TASK:
Range to output from the entries below: the line containing "Poster Professor de" through the line containing "Dining Chairs Style". Set it down exactly, ends included, nothing else.

DATA RECORDS:
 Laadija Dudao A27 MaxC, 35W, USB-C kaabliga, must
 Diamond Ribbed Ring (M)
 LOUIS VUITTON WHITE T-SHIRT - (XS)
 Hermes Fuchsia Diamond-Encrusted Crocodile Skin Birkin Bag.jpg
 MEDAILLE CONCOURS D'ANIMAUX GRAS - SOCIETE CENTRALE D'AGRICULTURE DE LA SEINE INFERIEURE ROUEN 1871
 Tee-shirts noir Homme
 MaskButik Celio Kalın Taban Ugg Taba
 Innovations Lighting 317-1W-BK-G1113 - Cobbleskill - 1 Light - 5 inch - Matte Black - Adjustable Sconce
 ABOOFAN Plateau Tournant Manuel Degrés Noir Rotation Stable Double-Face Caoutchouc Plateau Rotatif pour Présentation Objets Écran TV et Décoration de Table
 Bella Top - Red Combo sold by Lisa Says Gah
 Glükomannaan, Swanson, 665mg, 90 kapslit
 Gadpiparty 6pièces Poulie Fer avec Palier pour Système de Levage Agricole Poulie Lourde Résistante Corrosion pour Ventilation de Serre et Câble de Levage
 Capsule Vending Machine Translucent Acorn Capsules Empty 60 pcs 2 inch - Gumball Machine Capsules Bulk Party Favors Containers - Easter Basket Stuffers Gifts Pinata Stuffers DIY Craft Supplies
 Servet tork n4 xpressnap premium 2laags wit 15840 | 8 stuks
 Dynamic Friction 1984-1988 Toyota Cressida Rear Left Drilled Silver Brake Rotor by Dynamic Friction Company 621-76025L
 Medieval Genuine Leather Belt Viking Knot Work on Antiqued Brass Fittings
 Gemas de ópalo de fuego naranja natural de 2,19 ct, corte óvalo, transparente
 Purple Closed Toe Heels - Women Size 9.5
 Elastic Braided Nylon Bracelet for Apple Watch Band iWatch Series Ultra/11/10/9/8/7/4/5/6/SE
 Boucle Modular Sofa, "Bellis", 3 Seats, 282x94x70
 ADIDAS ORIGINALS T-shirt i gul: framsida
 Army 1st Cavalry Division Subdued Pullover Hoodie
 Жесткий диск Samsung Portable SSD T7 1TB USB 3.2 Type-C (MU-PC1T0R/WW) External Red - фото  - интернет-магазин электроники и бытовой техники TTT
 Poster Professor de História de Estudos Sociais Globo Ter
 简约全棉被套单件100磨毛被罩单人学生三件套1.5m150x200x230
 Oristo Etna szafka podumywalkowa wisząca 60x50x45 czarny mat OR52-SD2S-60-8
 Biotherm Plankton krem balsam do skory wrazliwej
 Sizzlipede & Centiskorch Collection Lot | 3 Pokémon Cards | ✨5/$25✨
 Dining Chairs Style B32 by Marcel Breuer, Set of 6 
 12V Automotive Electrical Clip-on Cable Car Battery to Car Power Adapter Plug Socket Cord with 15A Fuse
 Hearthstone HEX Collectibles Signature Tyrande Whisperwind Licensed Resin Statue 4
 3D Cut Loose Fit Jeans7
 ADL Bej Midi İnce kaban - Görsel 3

EXERCISE OUTPUT:
 Poster Professor de História de Estudos Sociais Globo Ter
 简约全棉被套单件100磨毛被罩单人学生三件套1.5m150x200x230
 Oristo Etna szafka podumywalkowa wisząca 60x50x45 czarny mat OR52-SD2S-60-8
 Biotherm Plankton krem balsam do skory wrazliwej
 Sizzlipede & Centiskorch Collection Lot | 3 Pokémon Cards | ✨5/$25✨
 Dining Chairs Style B32 by Marcel Breuer, Set of 6 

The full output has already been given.